There's always a balance between intensity and duration though, and many would be able to burn more total calories with a lower intensity form as they can simply do it for longer. The single biggest factor for me in what makes the 'best' form of cardio for an individual though is what they can actually make themselves do, so if the OP likes the idea of swimming then this could well be the best option for him. Plus of course it's very nature is probably better than any other option from the point of view of the knee injury.

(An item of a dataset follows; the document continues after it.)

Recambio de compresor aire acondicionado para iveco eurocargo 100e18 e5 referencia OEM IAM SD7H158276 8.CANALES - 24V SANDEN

My main point is that if the OP wants to do some swimming that it's not obvious to me that this is somehow sub-optimal for him.


----------



## silas_ramsbottom (Jul 29, 2017)

I tried out the machines in a local gym today. Knee was fine with leg curls and presses, but on the leg extension machine, anything above 5kg was sore on the knee.

I had been doing reverse lunges which my knee reacted badly too, so gave it a rest for a few days before trying he machines. Hopefully it's just the lunges that have upset the knee a bit.

Im digressing from my original post about the belly, but would be very grateful for any more advice for the knee. Definitely stopping lunges though.


----------



## Ultrasonic (Jul 13, 2004)

Forget about leg extensions then. Most people here wouldn't do them anyway. Just use the leg press.


----------



## silas_ramsbottom (Jul 29, 2017)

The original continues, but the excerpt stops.